誤解される「税務署は敵」というイメージ
「税務署なんて敵だ、戦ってやる!」そんなフレーズを耳にしたことはないでしょうか。
確かに税務署や国税局は普段あまり関わらない存在であり、強大な課税権力を持つため批判の的になりがちです。その影響で「国税=怖い相手」「追い払うべき敵」というイメージが一人歩きしているのも事実でしょう。しかし本当に税務署は私たち納税者の敵なのでしょうか?実は、税務署は私たちが適切に税金を納めているかを確認し、必要に応じてサポートする役割を担っています。むやみに戦おうとする姿勢は誤解を生み、人間同士のコミュニケーションを拗れさせてしまうのです。
税務署や国税局は公平・公正な税務行政の実現を掲げており、その仕事によって脱税や滞納による税の「損失」や「踏み倒し」を防いでいるという側面があります。つまり、国税は本来納められるべき税収を守る“縁の下の力持ち”的な存在なのです。彼らを最初から敵視してしまうと、本来スムーズに解決できることもこじれてしまい、結果的に経営者や税理士である私たち自身が不利になってしまうケースも多々あります。「国税と戦う」前に、まずはその役割と立場を正しく理解することが大切です。
・国税の本当の役割:申告納税制度を支える縁の下の力持ち ・税務調査で守られる国家財政:5,753億円の追徴という現実 ・脱税は割に合わない:重加算税40%と刑事罰のリスク ・「節税」と「脱税」は紙一重?正しい知識で賢く節税 ・元調査官が説く「国税とのコミュニケーション」の重要性 ・まとめ:敬意と対話で築く、国税との健全な関係 ・書籍紹介
国税の本当の役割:申告納税制度を支える縁の下の力持ち
日本の税制は「申告納税制度」、つまり納税者が自ら税金を計算して申告・納付することを基本としています。しかし人間が申告する以上、意図的なものにせよ、単純なミスにせよ、実際の申告内容と本来あるべき納税額との間に差(乖離)が生じることがあります。そこで登場するのが税務署の税務調査です。税務調査官は申告内容をチェックし、この乖離を埋めるべく不足分を追徴課税したり、間違いを是正したりします。つまり、税務署はルールに沿って適正に税金が納められているか確認する「監督者」なのです。

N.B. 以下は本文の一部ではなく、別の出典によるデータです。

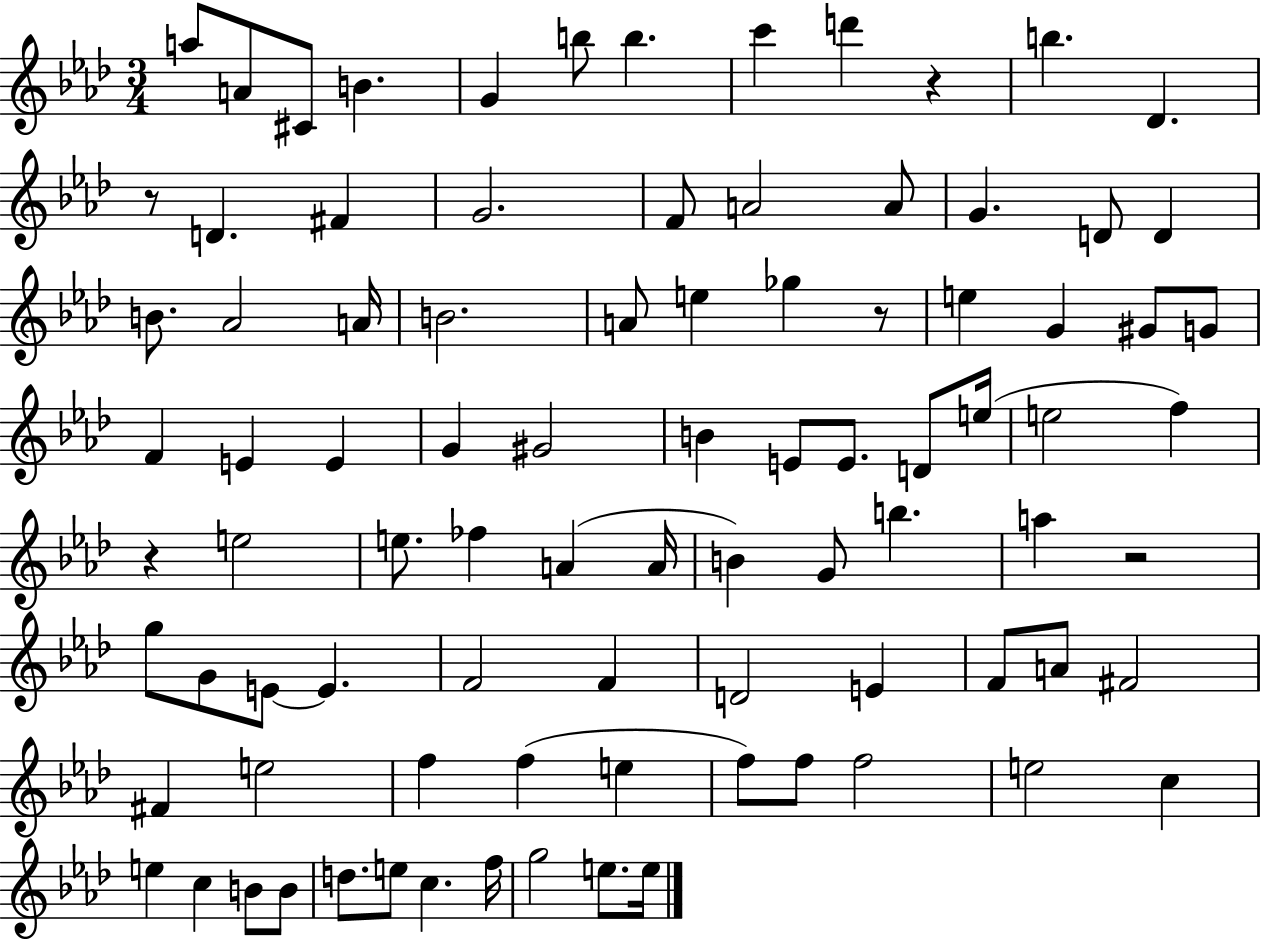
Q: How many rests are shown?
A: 5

税務署のこうした役割を知れば、「あわよくば税金をごまかしてやろう」という発想がいかに危険かが見えてきます。彼らは私たちが見落としている計算違いや、場合によっては意図的な隠し事までプロの目で見抜きます。「国税にケンカを売る」態度ではなく、「税務のプロにチェックしてもらう」くらいの冷静さを持つことが、無駄な摩擦を避けるコツでしょう。税務署は本来、正しい申告を行う納税者にとって敵ではなく、むしろフェアな競争環境を守ってくれる味方とも言える存在なのです。
税務調査で守られる国家財政:5,753億円の追徴という現実
国税が決して「税金泥棒」などではなく、むしろ国家財政を陰で支えている存在であることはデータからも明らかです。たとえば2023事務年度(2023年7月~2024年6月)における税務調査による追徴税額は、法人税・所得税・消費税・相続税を合計して5,753億円にも上りました。これは2025年度国家予算のおよそ0.5%に相当する額です。内訳を見ると、本来納められるはずだった「本税」だけで4,731億円、罰金的な上乗せである「加算税」が1,022億円です。言い換えれば、税務調査がなければ約4,731億円もの税収が国庫に入らず失われていた可能性があるのです。

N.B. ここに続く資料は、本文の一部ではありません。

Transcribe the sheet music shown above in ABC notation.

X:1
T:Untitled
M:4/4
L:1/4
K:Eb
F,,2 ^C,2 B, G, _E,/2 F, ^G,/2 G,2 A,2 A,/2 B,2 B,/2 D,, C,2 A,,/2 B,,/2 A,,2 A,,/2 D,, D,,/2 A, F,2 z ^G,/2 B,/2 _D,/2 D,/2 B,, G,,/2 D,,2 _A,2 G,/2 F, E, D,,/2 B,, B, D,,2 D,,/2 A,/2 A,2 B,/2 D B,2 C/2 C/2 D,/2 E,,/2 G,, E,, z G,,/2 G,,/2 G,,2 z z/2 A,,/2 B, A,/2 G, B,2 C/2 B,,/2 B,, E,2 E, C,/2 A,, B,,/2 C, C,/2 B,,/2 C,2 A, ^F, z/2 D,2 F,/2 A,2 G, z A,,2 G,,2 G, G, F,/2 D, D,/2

この5,753億円という数字がどれほど大きいか、具体例で考えてみましょう。
たとえば全国の公立小中学校の給食を無償化するために必要な財源は年間約4,832億円と試算されています。税務当局の調査のおかげで、それに匹敵する規模の財源「機会損失」が防がれたことになります。納税者の中には「調査なんて余計なお節介だ」と感じる方もいるかもしれません。しかし、その調査で確保された税金は教育や医療、社会インフラなど私たちの生活を支える財源になっているのです。こうした事実に目を向けると、税務署を一概に敵視する考え方は行き過ぎであり、むしろ適正な税収を確保する重要な役割に感謝すべきだとわかります。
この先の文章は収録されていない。